В конце XIX в., кроме съестных припасов, в подарок приносили и предметы домашней утвари. У лужичан-католиков служанки или слуги несли крынку (k?inka — «кржинка»), набитую маслом, отчего и устраиваемая пирушка для принесших масло служанок называлась k?in?ki — «кржинчки». У протестантов кржинчки не устраивали, у них угощали на дворе во время свадьбы детей, прислугу и нищих пирогами с пивом.{237}

В день свадьбы гости жениха собирались в его доме, гости невесты — в доме ее родителей. Свадебным торжеством руководил брашка, у нижних лужичан — побратрж, самое главное лицо свадебного торжества после жениха (novo?enja — «новоженья») и невесты (njewjesta — «ньевьеста»). Прежде это был обычно друг жениха, к концу XIX в. в Верхней Лужице им чаще стал профессионал, хорошо знавший обычаи и обладавший красноречием и остроумием.

В качестве подружек невесты (dru?ka — дружка) у евангелистов Верхней Лужицы были две девушки (родственницы жениха), у католиков — шесть (три — из родни жениха, три — из родни невесты). При больших богатых свадьбах их число было неограниченно. В Нижней Лужице наряду с дружкой действовали еще p?idru?ka, towari?ka, swa?ka — «псидружка», «товаришка», «свашка» (родственницы невесты). Мужские им аналогии — дружба, p?idru?ba — псидружба (также называемый други дружба, подружба, товарищ), swat (сват), в Шлайфе — дружба и два zag?lcy («заголцы»).

В качестве опекунш новобрачных в Верхней Лужице действовали две замужние женщины (s?o?ka — «слонка»), чаще всего крестные матери. В Нижней Лужице эту роль исполняла babka — «бабка» (старая женщина из родни), которая сидела на невестиной повозке сзади и не сходила с нее даже во время венчания, занимая в это время место невесты.{238}

После небольшой закуски в доме жениха брашка прежде всего представлял гостей жениху, спрашивал его, не отказывается ли он от своего намерения, и затем обращался к собравшимся со словами: «Мои дорогие, я прошу Вас, чтобы вы присоединились к нам двоим и стали нашими верными спутниками. Далее прошу я вас от имени уважаемого жениха, не хотите ли вы простить его от всего сердца, если он когда-то причинил вам какую-либо неприятность». Затем он обращался к жениху: «Теперь, дорогой жених, прощайся со своим дорогим отцом, своей любимой матерью, братьями, сестрами, крестными, друзьями и соседями, попроси у них прощения о всех своих промахах и поблагодари за всю оказанную тебе любовь». Все эти речи сопровождались слезами родственников. После этого пели духовную песню и отправлялись в дом невесты.{239} Если невеста была из той же деревни, шли пешком, если из другой, то чаще ехали на повозках, а в Нижней Лужице плыли на лодках. В пути пели песни и издавали ликующие крики. Если невеста была из другой деревни, то предварительно посылали туда двух послов к сельскому судье узнать, нельзя ли чужим мужчинам прибыть в их деревню. Судья отвечал согласием при условии, что они честные, добрые люди, будут беречь стариков и детей.{240} Однако не так-то просто было попасть в деревню. Путь процессии преграждали жердь или жгут, сплетенный из цветных лент, жених должен был выкупить право проезда, заплатив деньгами или вином.

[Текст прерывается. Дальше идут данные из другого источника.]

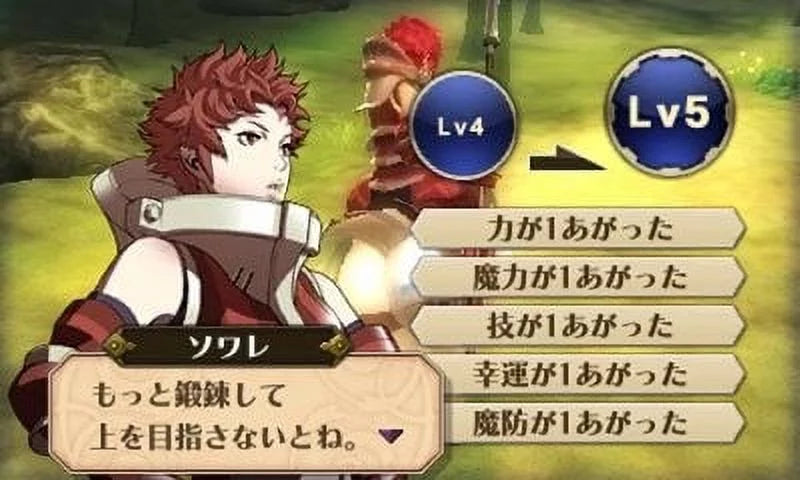 Fire Emblem Awakening Nintendo Nintendo 3DS 045496742355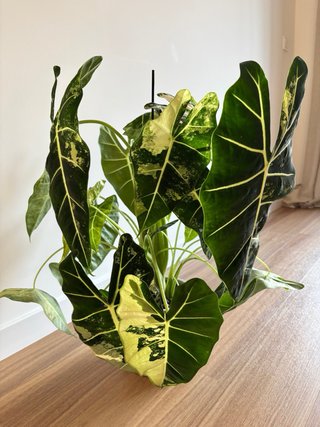 Alocasia Frydek Variegada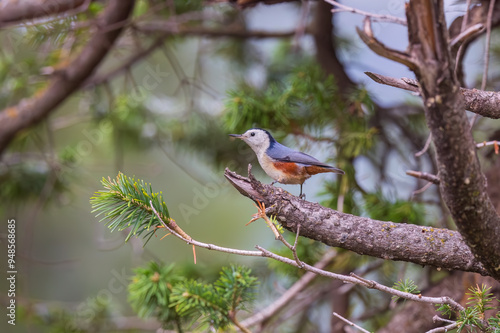 White-cheeked nuthatch (Sitta leucopsis) at Sinthan Top, Jammu  Kashmir UT photo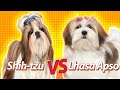 LHASA APSO vs SHIH-TZU | Duelos de raças Baw Waw の動画、YouTube動画。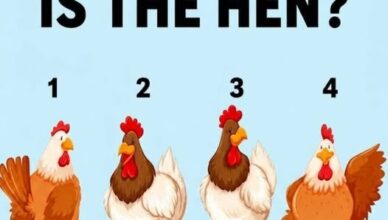 Only 1 in 10 People Can Spot the Hen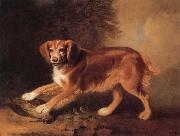 A Celebrated spaniel,the property of colonel joliffe,in a landscape with a woodcock Benjamin Marshall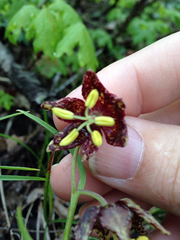 Fritillaria atropurpurea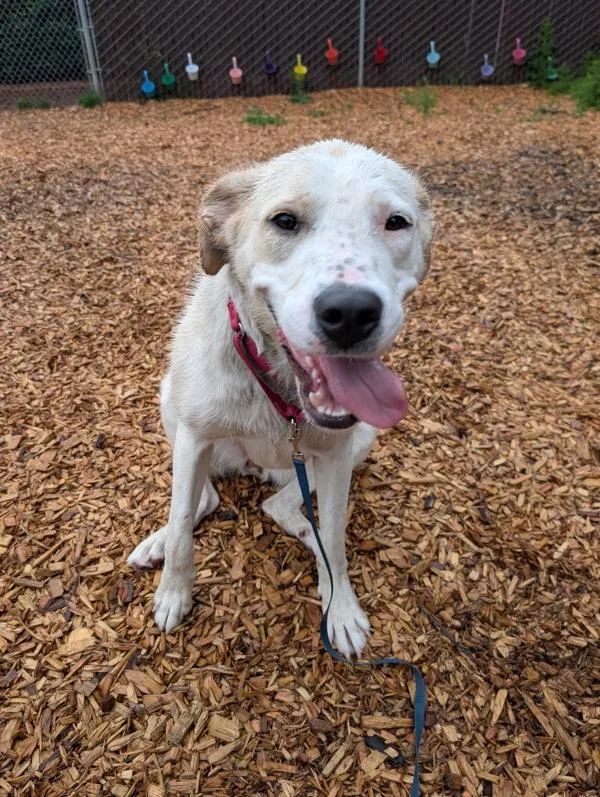 A young large-sized female Dogo Argentino dog named Momo for adoption in Vancouver, WA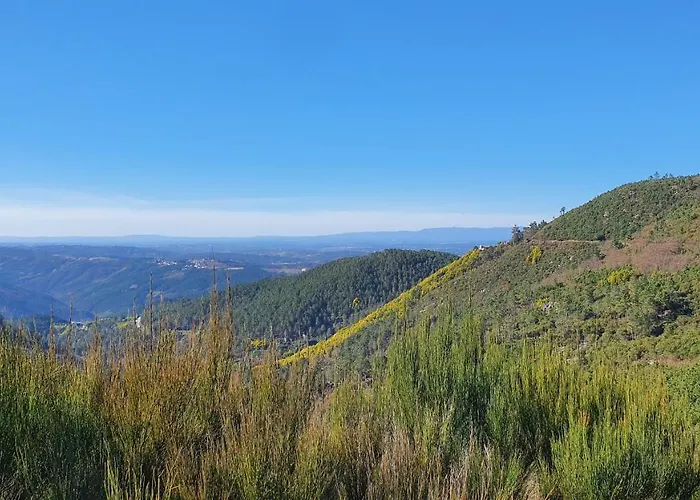 Casa de Férias Quinta Rio De Oliveira Covas (Coimbra)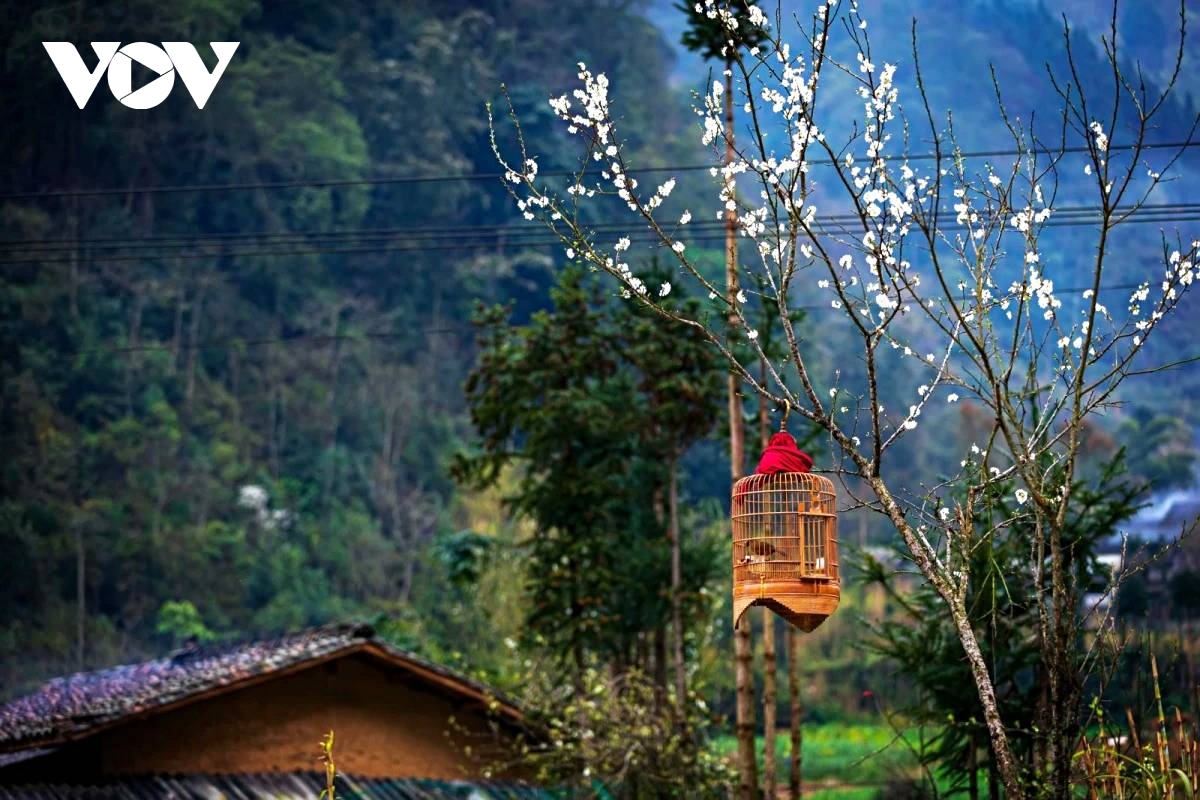 vitality on dong van karst plateau a unesco global geopark picture 4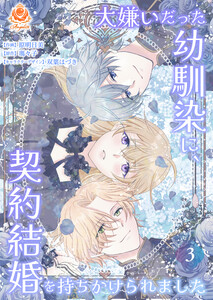 大嫌いだった幼馴染に、契約結婚を持ちかけられました【合本版】3 電子書籍版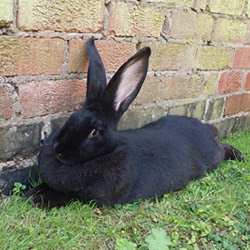 British giant rabbit breed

Двор невесты в Верхней Лужице был открыт, но двери и окна дома закрыты. Начинались длительные переговоры. Брашка стучал в дверь, в ответ не раздавалось ни шороха. Он стучал все настойчивее, пока не появлялся наконец отец невесты и не спрашивал, что им надо. Тогда брашка требовал выдать ему невесту. Несколько помедлив, отец невесты якобы шел навстречу желанию свата и приводил старуху (ложную невесту). Брашка оглядывал ее со всех сторон и заявлял, что это не настоящая невеста. Затем приводили девочку и так продолжалось до тех нор, пока не появлялась невеста в свадебном облачении. После длинных степенных речей, с которыми брашка обращался к невесте и ее родителям, указывая на обязанности и трудности, которые ждут ее в браке как будущую хозяйку, он от ее имени, как прежде от имени жениха, прощался с ее родителями и родственниками.{241}

В Нижней Лужице на порог дома невесты часто клали топор и метлу (в апотропеических целях), а побратржка у товаришки должен был невесту выкупить.{242} Наконец садились в повозки и направлялись в церковь. Жених и невеста ехали в разных повозках. Невесту к венчанию сопровождали два почетных слуги (swataj — «сватай») безупречной репутации, две подружки и две посаженые матери.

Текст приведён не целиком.